- [WORK REQUIRED] Starting at the line that holds "Submission Mask in" and stopping at the line that holds "Áo Sơ Mi Nam", restate the records below word for word, with both of those lines included.

+++ RECORDED INFORMATION

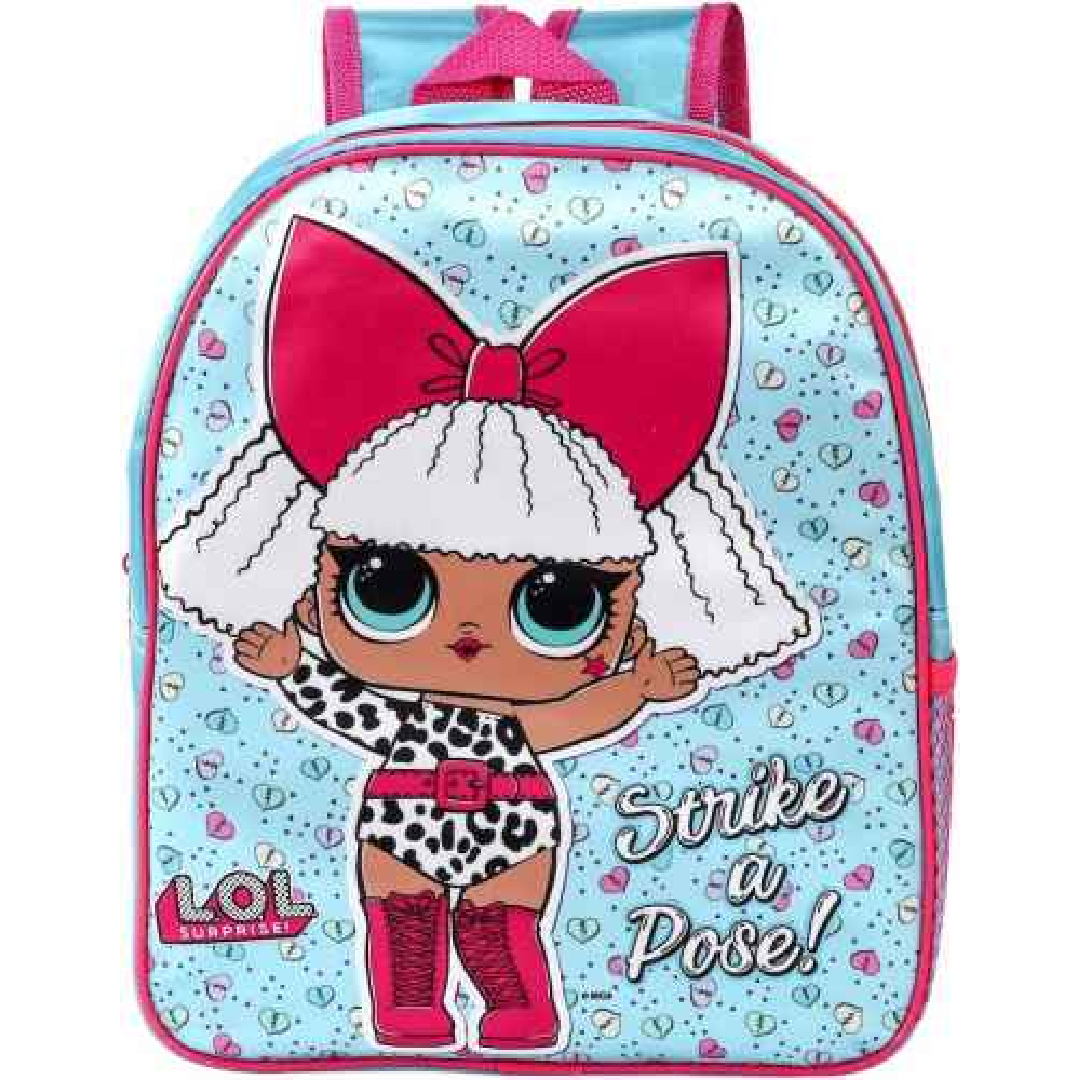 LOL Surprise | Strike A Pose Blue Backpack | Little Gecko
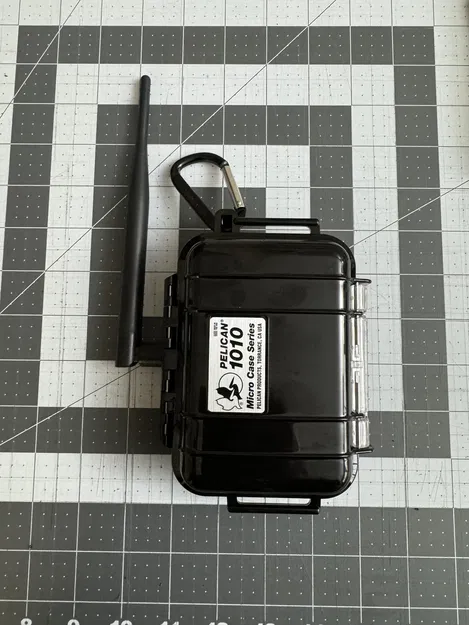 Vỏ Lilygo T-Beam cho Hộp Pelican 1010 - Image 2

++++++
+++ RECORDED INFORMATION

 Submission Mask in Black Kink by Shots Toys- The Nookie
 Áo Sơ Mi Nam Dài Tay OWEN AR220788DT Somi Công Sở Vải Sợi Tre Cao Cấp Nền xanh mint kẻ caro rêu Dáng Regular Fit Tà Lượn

++++++
+++ RECORDED INFORMATION

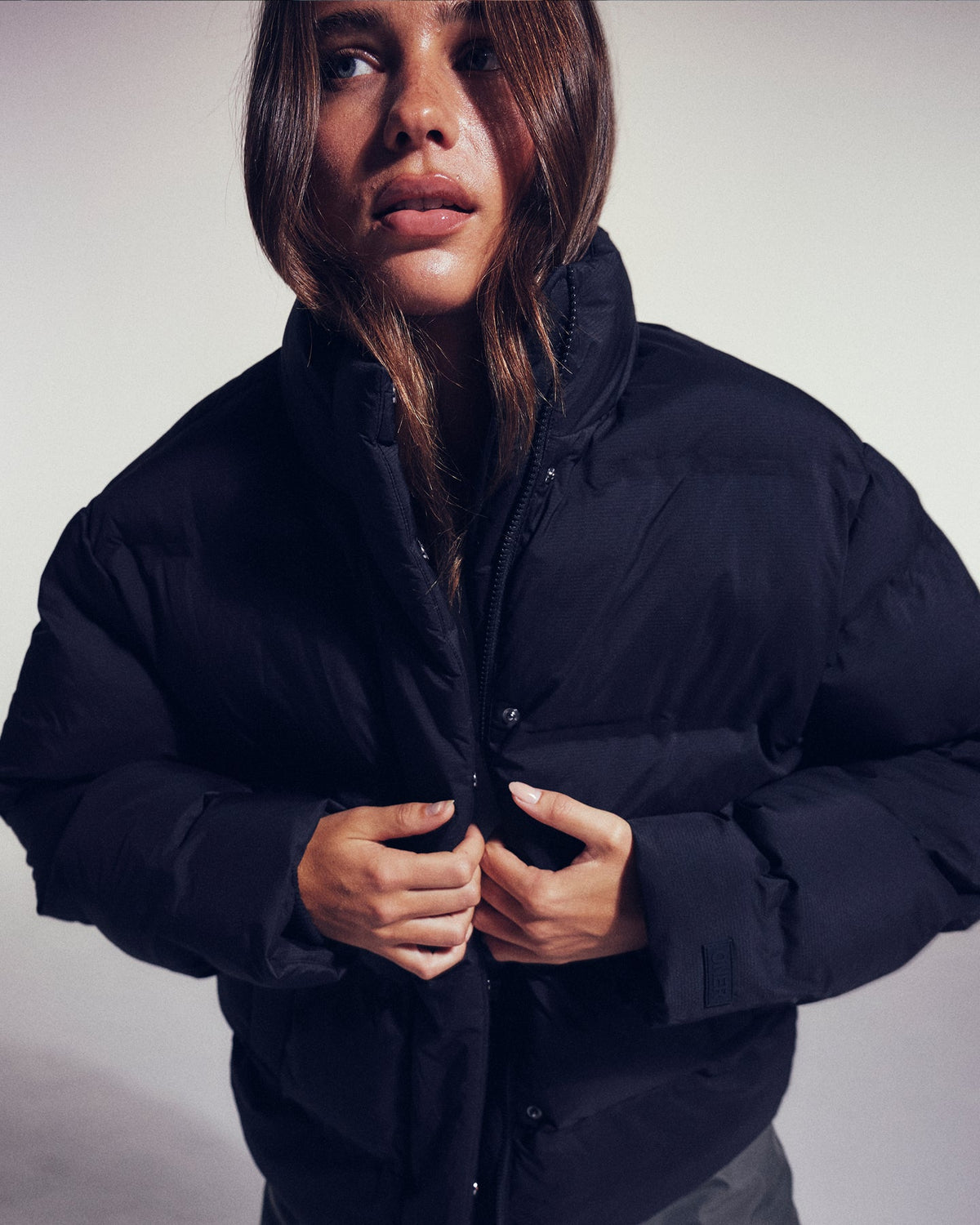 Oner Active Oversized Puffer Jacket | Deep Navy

++++++

- [EXERCISE SOLUTION]
 Submission Mask in Black Kink by Shots Toys- The Nookie
 Áo Sơ Mi Nam Dài Tay OWEN AR220788DT Somi Công Sở Vải Sợi Tre Cao Cấp Nền xanh mint kẻ caro rêu Dáng Regular Fit Tà Lượn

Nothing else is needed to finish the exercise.